2019 Legislation Impact on Your Business
by Ryan Gilliland, Government Relations Officer
Not surprisingly, work in Washington tends to run in the context of election cycles. The 2020 race will have a universal chilling effect on active legislation in 2020. In the case of the Senate, even a “quick” impeachment trial is likely to consume significant floor time. More succinctly, consider that 2020 Congressional schedules indicate Congress will be in session only 29 days in the final five months of 2020.
Compounding these dynamics, the daily drumbeat of partisan pugilists has a way of lulling us into complacency. News cycles are increasingly driven by click rates and intellectual junk food—and make no mistake, people eat the stuff, or they wouldn’t keep selling it! However, it’s important to recognize that in the background there’s still critical decisions being made on a daily basis. In the absence of Congressional action, or at the direction of Congress, regulatory agencies are extraordinarily active.

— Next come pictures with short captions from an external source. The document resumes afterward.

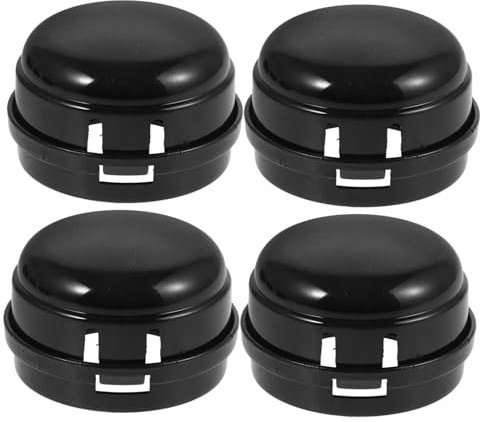 UPKOCH 16stücke Gasherd Knopf Schutzabdeckungen Kindersicher Leicht Zu Reinigen Hitzebeständig Für Haushalt Schützt Vor Versehentlichem Berühren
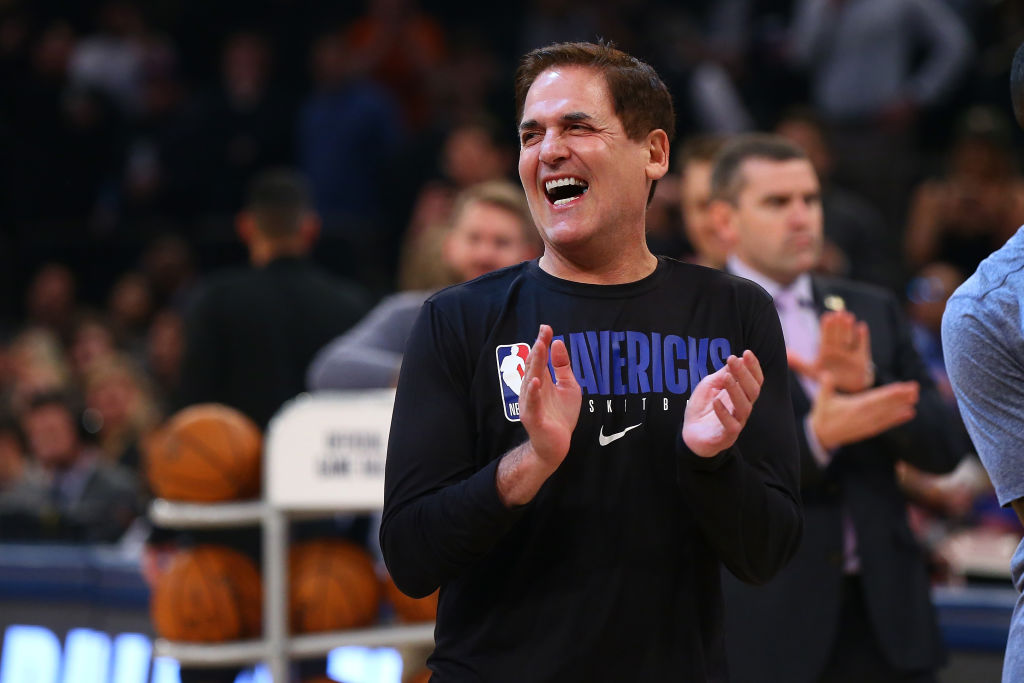 Mark Cuban Thinks the NBA Could Return in May With 1 Condition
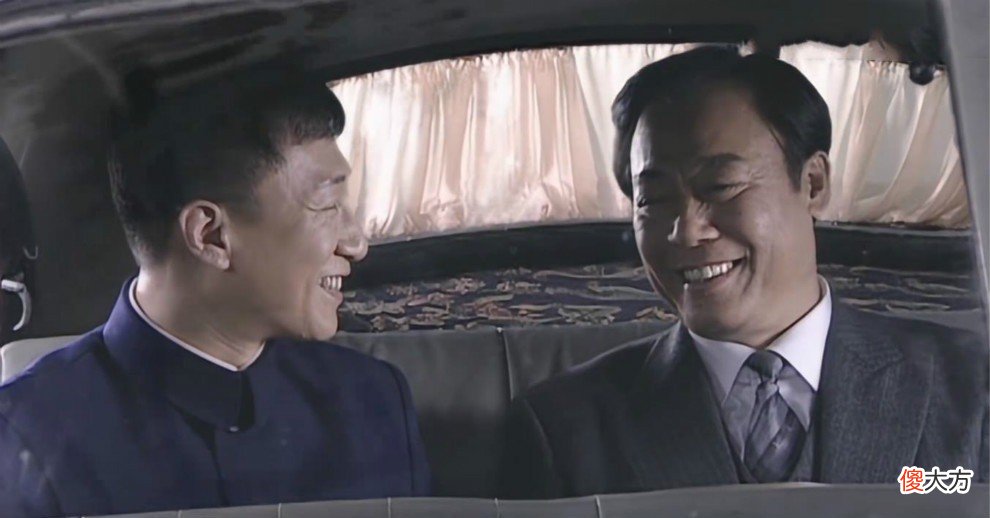 【爱历史】吴敬中会笑沈醉短视：我的玉座金佛能抱着跑，你种七千株杉树有啥用？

We shouldn’t sell Congress short, either. They’ve still got the checkbook, and regulators still want to stay out of congressional crosshairs. That’s why it’s important to stay dialed in, even if it means digging a little deeper to keep an eye on what’s being issued or under consideration at the regulatory agencies.
The back half of 2019 was particularly busy, as the full shape of last year’s landmark legislation, The Economic Growth, Regulatory Relief, and Consumer Protection Act of 2018 (S. 2155), comes into focus. Agencies are issuing or have issued significant guidance on the Community Bank Leverage Ratio (CBLR), Current Expected Credit Loss (CECL) standards, Community Reinvestment Act (CRA), brokered deposit rules, and Industrial Loan Charter (ILC) applications among many others.

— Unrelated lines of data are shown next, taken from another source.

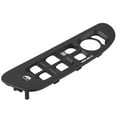 thumbnail image 2 of Door Window Switch Cover, Original Standard ABS Power Window Switch Bezel 5HZ71XDVAE Waterproof Left Hand Drive Wearproof Simple Design  For Auto, 2 of 8
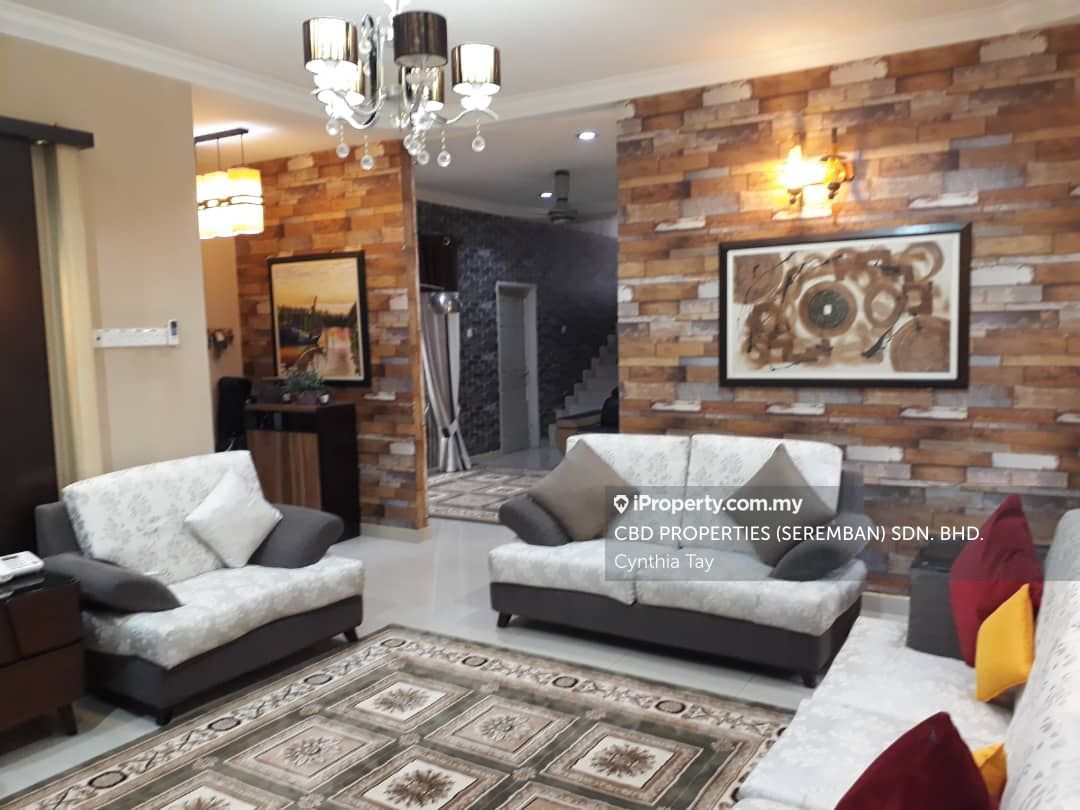 Acacia, Garden City Homes, Seremban 2, Seremban 2 for sale RM899999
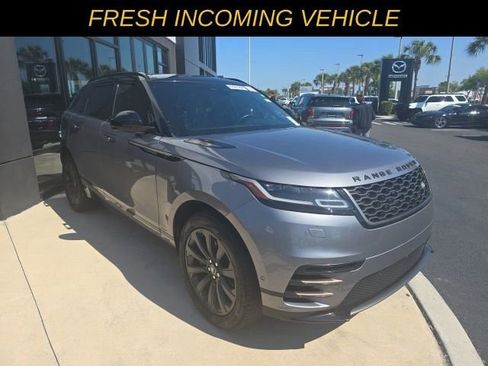 Used 2021 Land Rover Range Rover Velar R-Dynamic S image 3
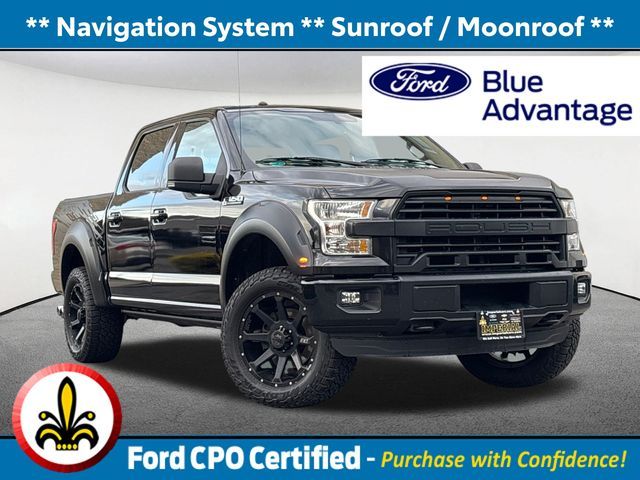 2016 Ford F-150 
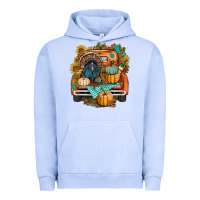 Pigment Grape Ice thanksgiving truck bbs Urban Hoodie - BundleAndBundleShop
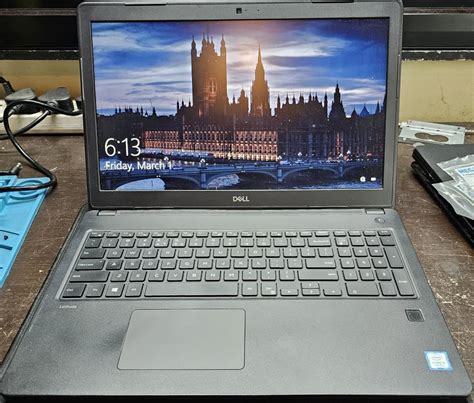 Laptops And Notebooks Dell Latitude 3580 I5 7200 12gb Ram 512gb Ssd New Battery Was Sold For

Additionally, the Treasury has rolled out a proposed set of guidelines to significantly reform the housing finance landscape. Fannie Mae and Freddie Mac will be a point of emphasis for both the Treasury and the Federal Housing Finance Agency (FHFA) in 2020. Those agencies worked out an agreement in September to allow both Fannie and Freddie to begin re-capitalizing for the first time since they were placed in conservatorship during the housing crisis. As part of the broader housing reform plan, the Treasury also recommended that Congress investigate membership rules for the Federal Home Loan Banks—and the FHFA has signaled it will release a Request for Input (RFI) early in 2020 to learn more about FHLBank membership.

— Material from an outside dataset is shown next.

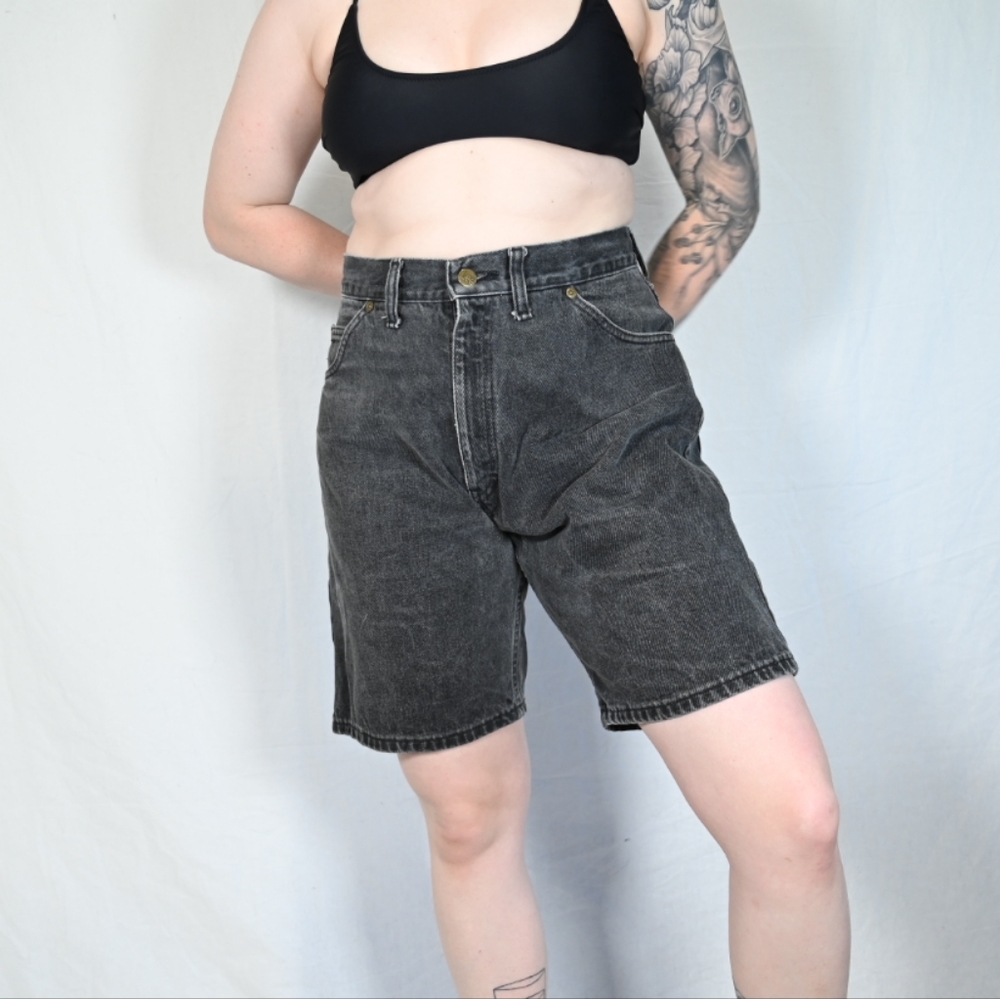 Vintage Lee Denim Shorts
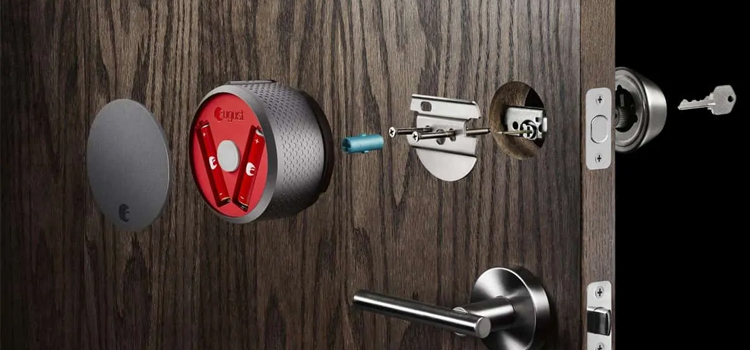 Electronic Door Knob Lock Repair Spring Valley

In aggregate, as fashionable as the idea of a “do nothing” era might seem on the surface, the reality is it’s an important time to dig in. You might be surprised what you find. For instance, just a few weeks ago the Federal Reserve released a comprehensive report on rural lending based on listening session across the country. That kind of resource is useful in helping validate the things we all anecdotally observe, and help tell the story of why community lending is so critical.
We’re proud to be your partners in that work, and hope you’ll continue to let us know how we can help you to ensure our policy landscape benefits our cooperative partnership with you.